Este principio nos enseña que si alguno desea abandonar la soltería, el matrimonio y no la unión libre en sus múltiples modalidades contemporáneas es legítimo, -ni siquiera el invento humanista llamado noviazgo-, es la voluntad de Dios. Este principio divino nos ilustra de manera clara y sencilla, en general cual es el plan de Dios para cada matrimonio: hay un dejar y hay un unirse. Ambas cosas deben estar presentes en un matrimonio que quiera ser feliz y dar gloria a Dios. Este principio nos señala en primera medida que Dios mismo tiene el derecho y la potestad de decirnos qué es lo mejor para un matrimonio y qué resultaría en su fracaso. Sin dudar puedo decir que el fracaso de muchas uniones se encuentra en que dejan a Dios de lado en la práctica.
Dejar a padre y madre para unirse no significa que los hijos han de abandonar a sus padres en el sentido de desampararlos o de no querer volver a saber de ellos. Pero dejar a padre y madre significa ¡Dejar! Esta sencilla palabra es puesta como un símbolo, un decir o un anhelo y no como un requisito del matrimonio. Conyugues y suegros a veces se confabulan para la desobediencia en este aspecto y ahora tendremos dos matrimonios viviendo en la irregularidad.
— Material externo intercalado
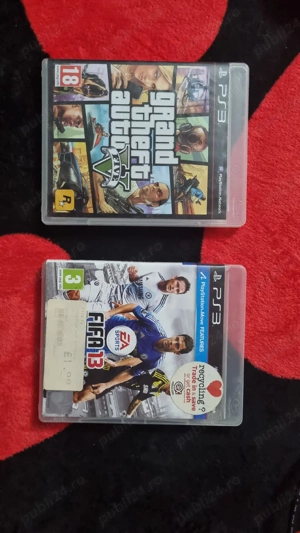 vând PS3 slim 256 GB cu două controllere plus două jocuri  - imagine 4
Pero dejar a padre y madre también significa que la nueva pareja ahora establece una relación adulta con sus padres. Ahora ellos dejarán de ser el bebé de sus padres y serán un marido y una esposa. Esto también significa que desde ahora, la relación entre marido y mujer tiene prioridad sobre toda otra relación humana, es decir, después de Dios mismo, la persona más importante y que tiene la prelación debe ser su conyugue.         Esto implica también que los conyugues no va a estar esclavizados a sus padres en cuanto a la aprobación, ayuda, gustos y afecto. No significa que no puedan acatar consejos sino que ahora la responsabilidad cae sobre sus propios hombros.
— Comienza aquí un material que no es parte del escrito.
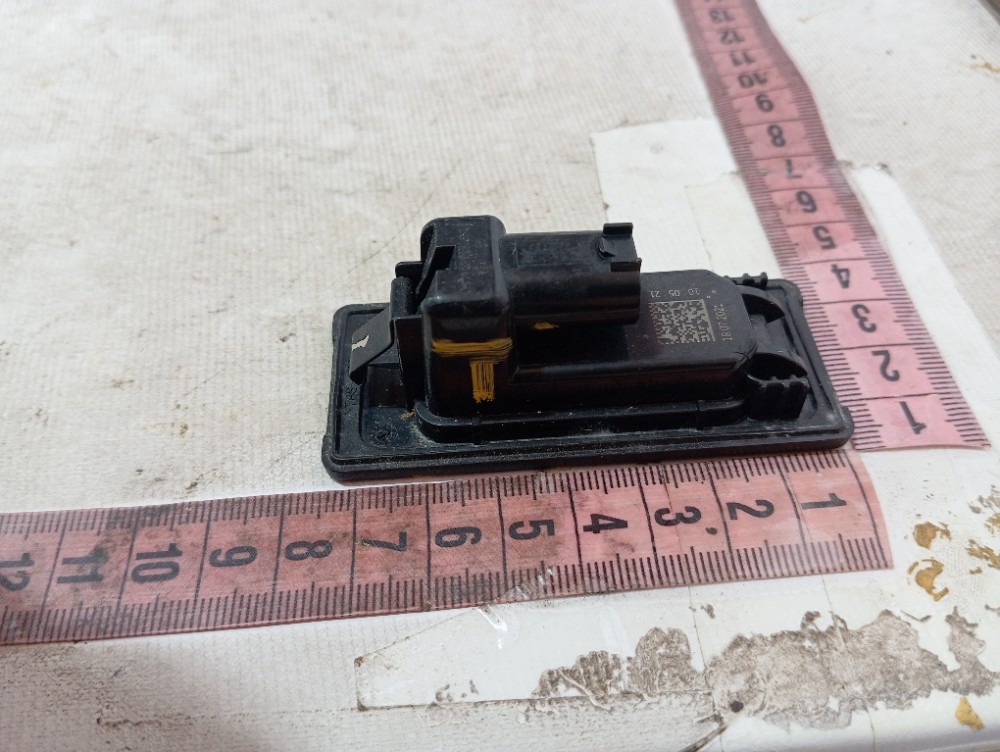 Luz Placa Land Rover Defender 2022 V645 8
Pero unirse al cónyuge significa que cada uno renuncia a su independencia, de tal manera que ahora no es lo “mío” sino lo “nuestro”. El matrimonio es un testimonio del sepelio y de la sepultura de la independencia y la individualidad. Significa también que cada uno buscará a Dios y pondrá de todo su esfuerzo para ser de un mismo sentir y de una sola mente y que  cada uno se esforzará hasta la muerte por ser fieles y reservar todo su ser para el otro, aun cuando pasen los años.


Esto solo será posible en la medida que cada uno cumpla su rol que Dios le ha dado a cada uno dentro del hogar porque esto promueve la unidad y abre el campo para que el plan de Dios para el matrimonio se cumpla, el esposo será la cabeza de este hogar para guiarlo, enseñarlo, defenderlo y la esposa se sujetará a él, ayudándolo, animándolo, respetándolo para que Dios los bendiga. Los matrimonios felices no vienen así, se construyen en obediencia al Señor y se mantienen así por los años de continua obediencia y abnegación. ¿Cómo es su matrimonio?

Lectura Bíblica

 

Números 13, 14, 15
Salmo 70

 

 

 


 

‘Con [la sabiduría] está el consejo y el buen juicio;

Yo soy la inteligencia; mío es el poder’.